Fear that this will begin to affect the state’s recovery as fewer arts programs impact the hospitality and tourism sectors
Rhode Island arts organizations are continuing to suffer from the effects of a declining state and national economy, threatening Rhode Island’s own economic recovery as fewer arts events begin to affect our state’s restaurant and hospitality industry. This is according to a recent update of a study originally released in October 2008 by the Rhode Island State Council on the Arts. Contributions continue to fall and ticket income is significantly down even though ticket sales are generally seen to be stable, according to new information gathered by the State Arts Council from Rhode Island arts organizations
“This continues to be a significant problem for all Rhode Islanders, not just the many who enjoy and participate in the arts,” according to Randall Rosenbaum, Executive Director of the State Arts Council. “The arts contribute significantly to our state’s economy. Yet the arts organizations that help fill our restaurants and parking garages are fragile, and can be seriously affected by a poor economy. If conditions require organizations to cut programs or fire staff, the impact will be profound, not just for those organizations and artists but also for all the sectors of our economy that depend on an active arts scene.”

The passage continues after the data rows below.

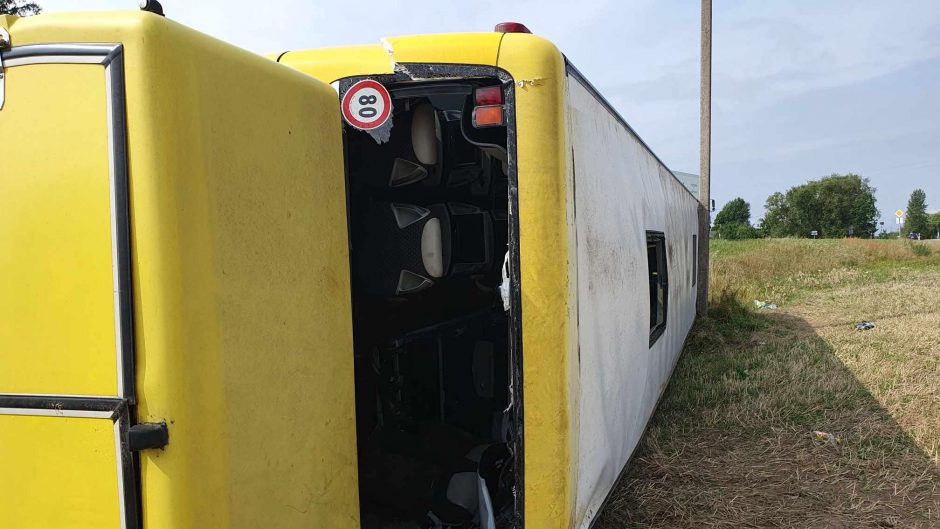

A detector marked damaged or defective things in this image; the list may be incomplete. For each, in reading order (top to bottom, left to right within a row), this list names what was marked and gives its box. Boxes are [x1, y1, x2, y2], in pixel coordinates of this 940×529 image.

overturned bus [0, 9, 700, 529]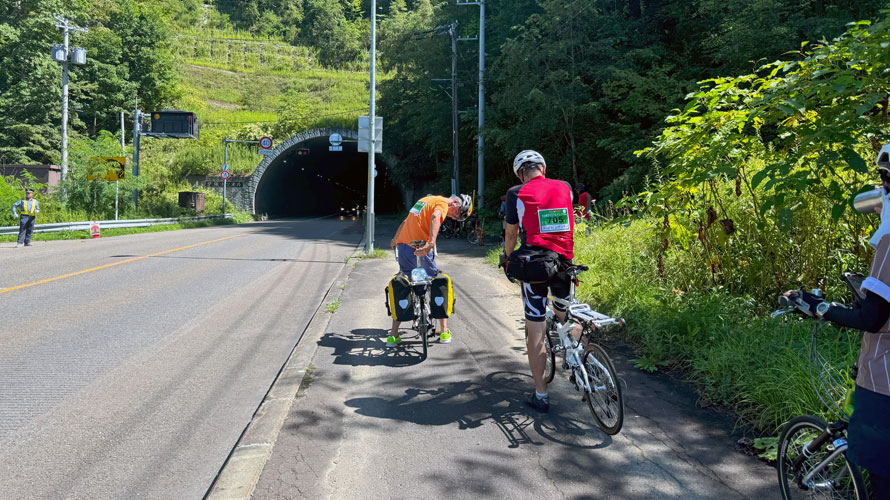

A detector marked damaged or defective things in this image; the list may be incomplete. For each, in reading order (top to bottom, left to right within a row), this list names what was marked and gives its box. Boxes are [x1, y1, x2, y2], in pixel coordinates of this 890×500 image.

cracked pavement [250, 228, 776, 500]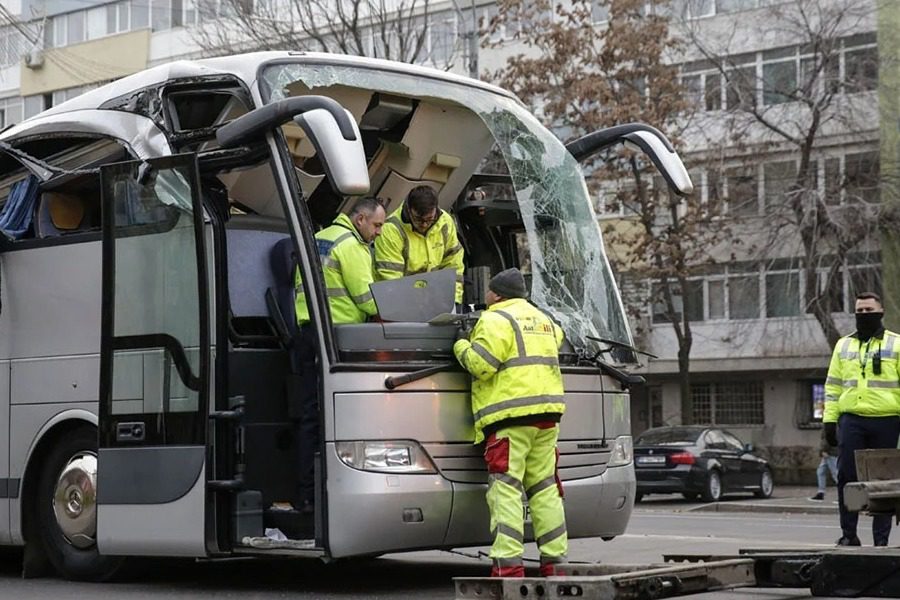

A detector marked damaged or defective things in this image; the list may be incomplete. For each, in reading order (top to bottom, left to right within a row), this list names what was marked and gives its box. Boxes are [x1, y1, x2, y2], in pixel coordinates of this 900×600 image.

damaged coach bus [0, 52, 692, 580]
damaged bus frame [0, 52, 692, 580]
shattered windshield [260, 61, 632, 352]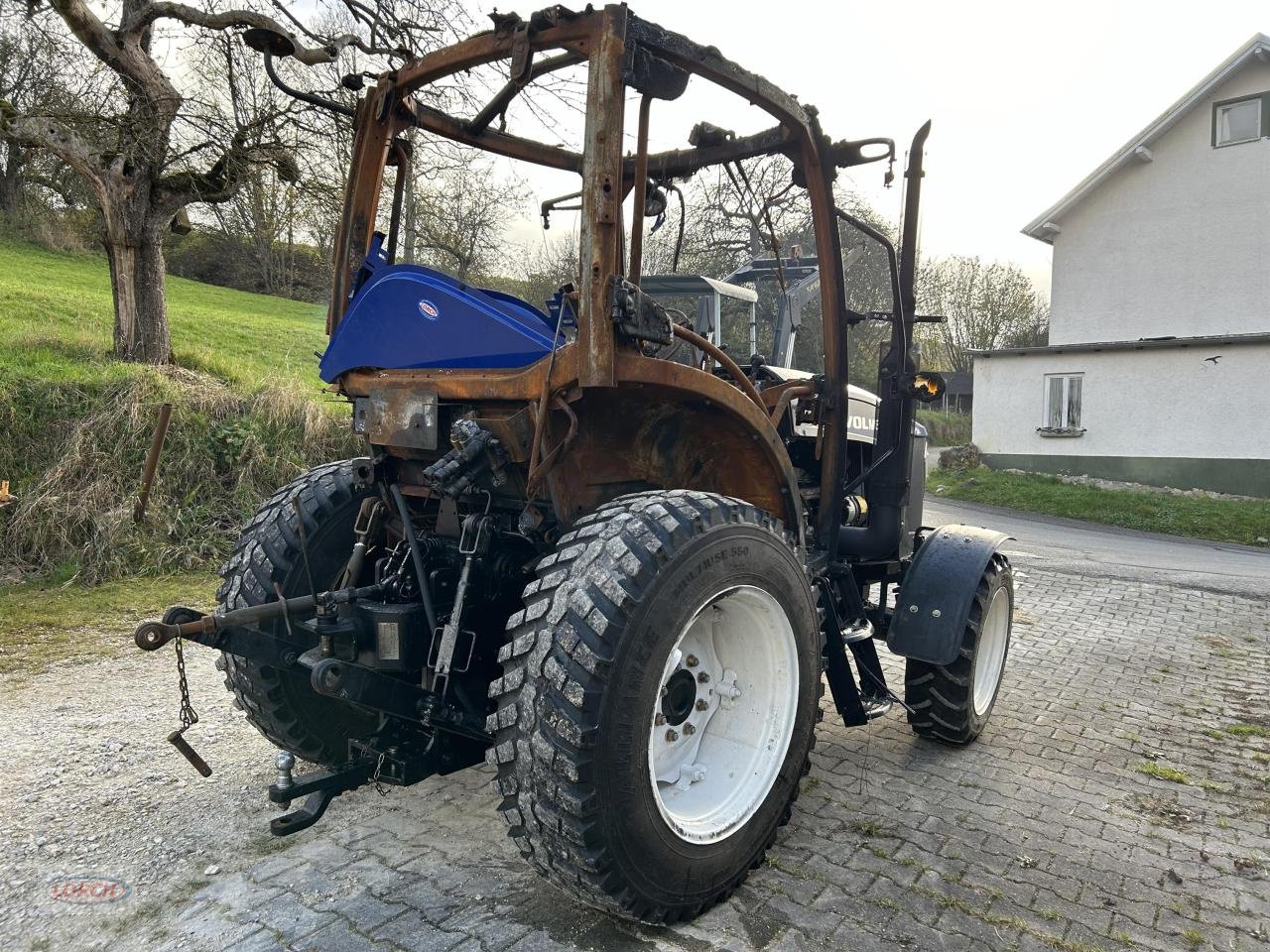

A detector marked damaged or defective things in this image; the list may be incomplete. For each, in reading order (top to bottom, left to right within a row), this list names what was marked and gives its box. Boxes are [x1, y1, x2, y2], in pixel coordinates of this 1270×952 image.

fire-damaged tractor [134, 3, 1016, 924]
rusty metal frame [327, 5, 853, 551]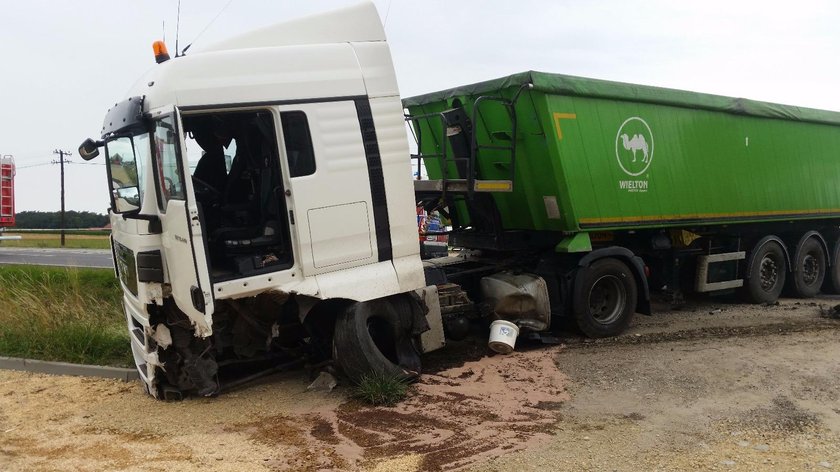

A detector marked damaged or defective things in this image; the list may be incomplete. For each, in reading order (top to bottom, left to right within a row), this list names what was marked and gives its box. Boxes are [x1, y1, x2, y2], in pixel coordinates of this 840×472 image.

crashed white truck cab [79, 2, 450, 398]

Dr. Bob Billington, President of the Blackstone Valley Tourism Council, agreed. "Any cultural program slowdown in Rhode Island affects so many financial bottom-lines.", said Billington. "Our cultural organizations provide one of the chief reasons people travel to our state. Many businesses rely on arts and cultural program successes to support their own businesses. So if programs falter, business slowdowns will follow. We should do all we can to insure success the "geotourist" activities of our state provide."
The report shows that a significant majority of arts organizations (68%) feel that things are worse now than they were in October 2008, when the first survey was conducted. A higher percentage of arts organizations report a downturn in contributions than in October, and both large and small arts organizations are feeling the pain, moreso than in October when a more significant number of smaller arts organizations reported problems with fund-raising.
Ticket sales continue to suffer as well. Although only half of all arts organizations report a downturn in ticket sales, practically all report that ticket revenue is significantly down. As we saw in our earlier survey, more people are purchasing single tickets, discounted tickets or lower priced seats, and the uncertainty for arts organizations is compounded by patrons waiting until the last minute to purchase tickets.
The report outlines several steps that can be taken to address the short-term issues facing arts organizations while we prepare for a difficult economic period. Local arts leaders are beginning to address these issues in a collaborative fashion. A copy of the report can be obtained at the Rhode Island State Council on the Arts website, at http://www.arts.ri.gov/economy
The State Arts Council has also established a special web page on Economic Recovery and the Arts to document what is happening here in the Ocean State and throughout the country on this important issue. RISCA is soliciting comments, suggestions and recommendations from the arts community on possible strategies and solutions. Go to http://www.arts.ri.gov/special/econ-crisis/ to visit the site and contribute to the discussion.
The Rhode Island State Council on the Arts is a state agency, supported by appropriations from the Rhode Island General Assembly and grants from the National Endowment for the Arts, a federal agency. RISCA provides grants, technical assistance and staff support to arts organizations and artists, schools, community centers, social service organizations and local governments to bring the arts into the lives of Rhode Islanders.